= Thomas Harvey (16th-century MP) =

English politician

Thomas Harvey (by 1512 – 1577 or later) was an English politician.

He was the son of Nicholas Harvey (d. 1532) by his first wife Elizabeth. William FitzWilliam, 1st Earl of Southampton was his maternal uncle. In 1638 Nicholas Bourbon (the elder), who had been one of his tutor's, praised him for his fluency in classical and modern languages.

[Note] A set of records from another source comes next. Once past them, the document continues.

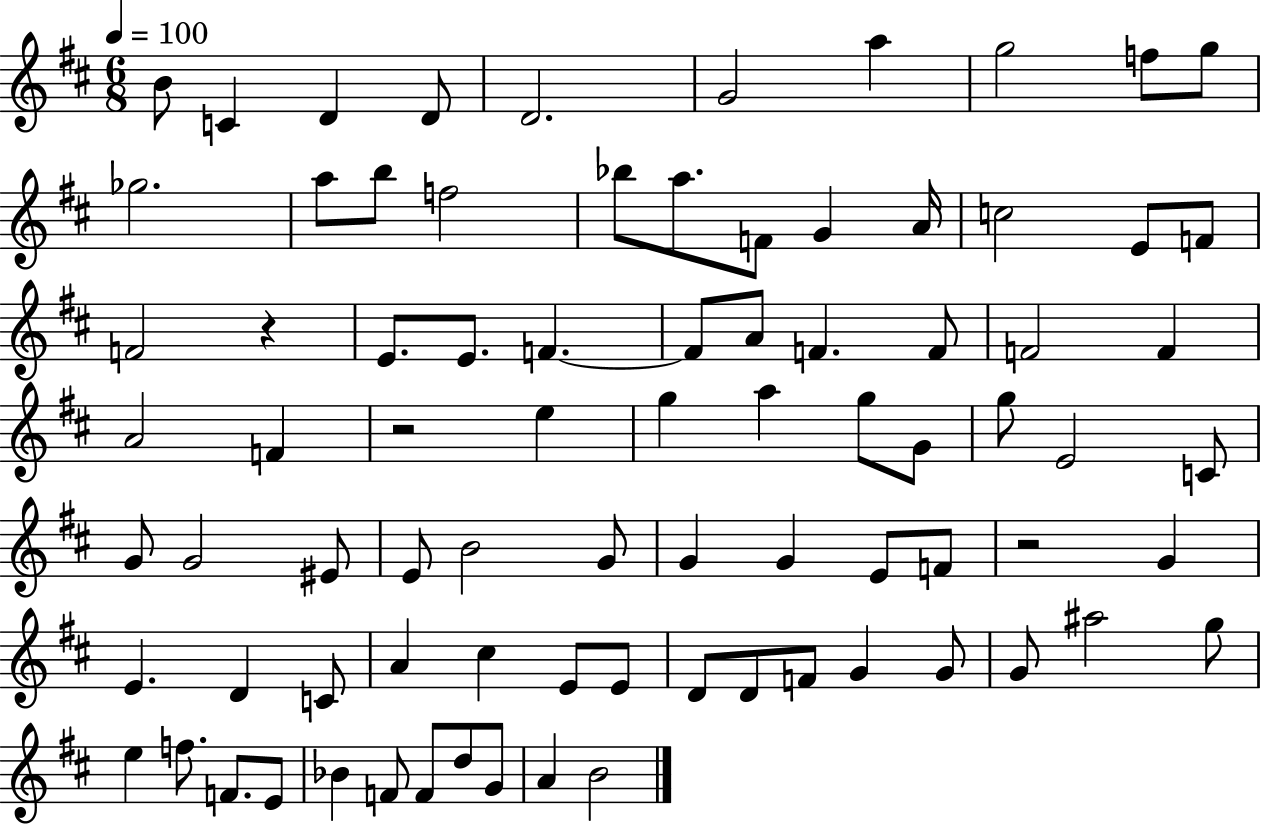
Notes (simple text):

B4/e C4/q D4/q D4/e D4/h. G4/h A5/q G5/h F5/e G5/e Gb5/h. A5/e B5/e F5/h Bb5/e A5/e. F4/e G4/q A4/s C5/h E4/e F4/e F4/h R/q E4/e. E4/e. F4/q. F4/e A4/e F4/q. F4/e F4/h F4/q A4/h F4/q R/h E5/q G5/q A5/q G5/e G4/e G5/e E4/h C4/e G4/e G4/h EIS4/e E4/e B4/h G4/e G4/q G4/q E4/e F4/e R/h G4/q E4/q. D4/q C4/e A4/q C#5/q E4/e E4/e D4/e D4/e F4/e G4/q G4/e G4/e A#5/h G5/e E5/q F5/e. F4/e. E4/e Bb4/q F4/e F4/e D5/e G4/e A4/q B4/h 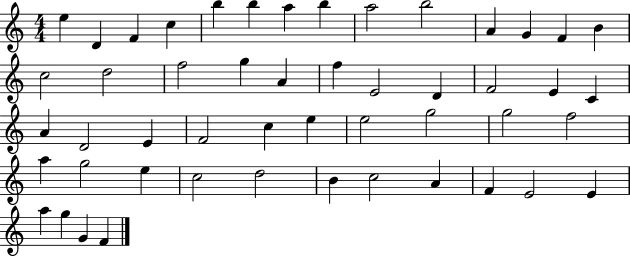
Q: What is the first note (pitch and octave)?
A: E5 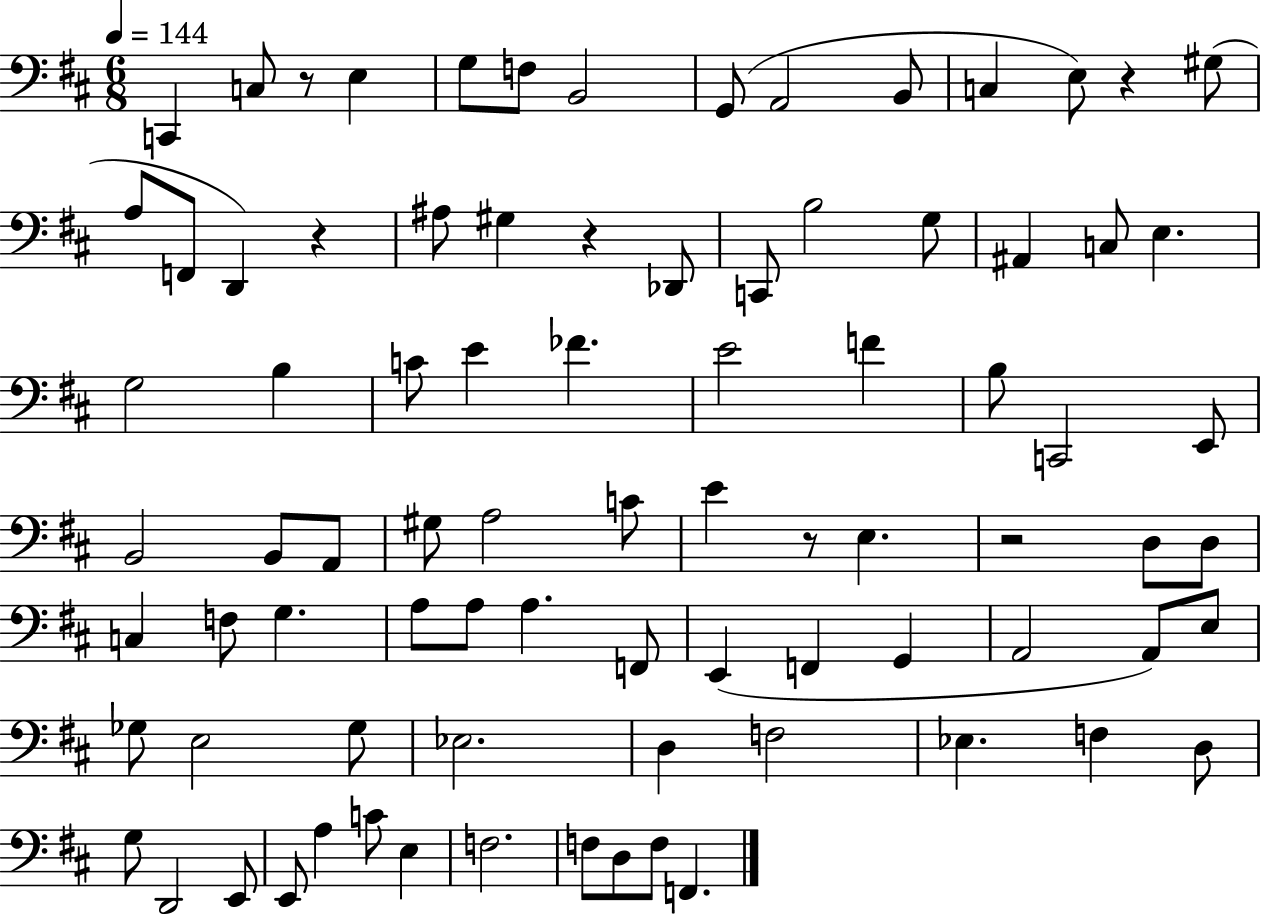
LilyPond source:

{
  \clef bass
  \numericTimeSignature
  \time 6/8
  \key d \major
  \tempo 4 = 144
  \repeat volta 2 { c,4 c8 r8 e4 | g8 f8 b,2 | g,8( a,2 b,8 | c4 e8) r4 gis8( | \break a8 f,8 d,4) r4 | ais8 gis4 r4 des,8 | c,8 b2 g8 | ais,4 c8 e4. | \break g2 b4 | c'8 e'4 fes'4. | e'2 f'4 | b8 c,2 e,8 | \break b,2 b,8 a,8 | gis8 a2 c'8 | e'4 r8 e4. | r2 d8 d8 | \break c4 f8 g4. | a8 a8 a4. f,8 | e,4( f,4 g,4 | a,2 a,8) e8 | \break ges8 e2 ges8 | ees2. | d4 f2 | ees4. f4 d8 | \break g8 d,2 e,8 | e,8 a4 c'8 e4 | f2. | f8 d8 f8 f,4. | \break } \bar "|."
}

He was elected as Member (MP) of the Parliament of England for New Shoreham in March 1553, through the influence of his cousin Sir Anthony Browne, who was the sheriff of Surrey and Sussex. In October 1553 he was elected for Orford, presumably as a result of his family's links to the county. His subsequent election to sit for Midhurst in November 1554 and in 1558 were again due to the influence of Sir Anthony Browne, who was patron of the seat. He was appointed Knight Marshal in March 1558.

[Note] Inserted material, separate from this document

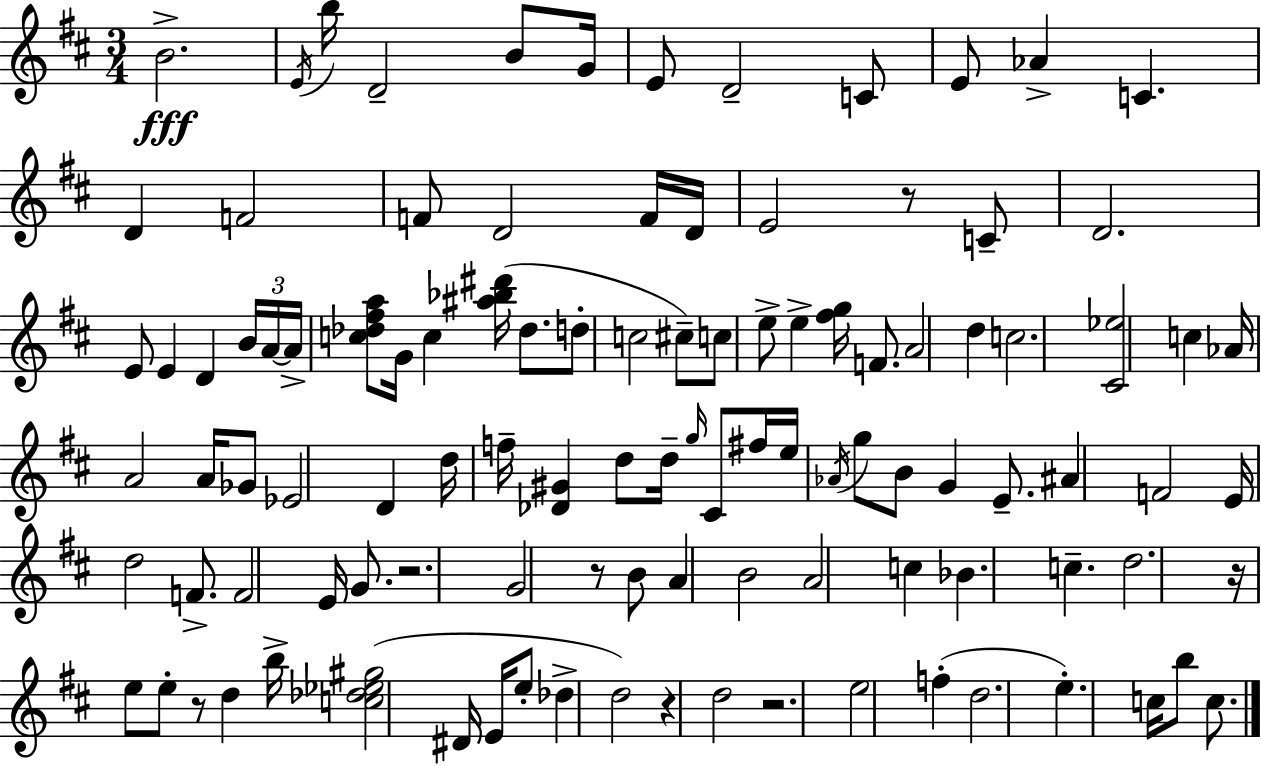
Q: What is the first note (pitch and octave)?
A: B4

Following the accession of Elizabeth I he left England and used his language skills in the service of Philip II, Don Juan of Austria and the Duke and Duchess of Feria. In 1577 he was arrested on the orders of the States General of the Netherlands and probably died in prison.

A portrait of Harvey was included in the catalogue of paintings at Abbotsford in 1888.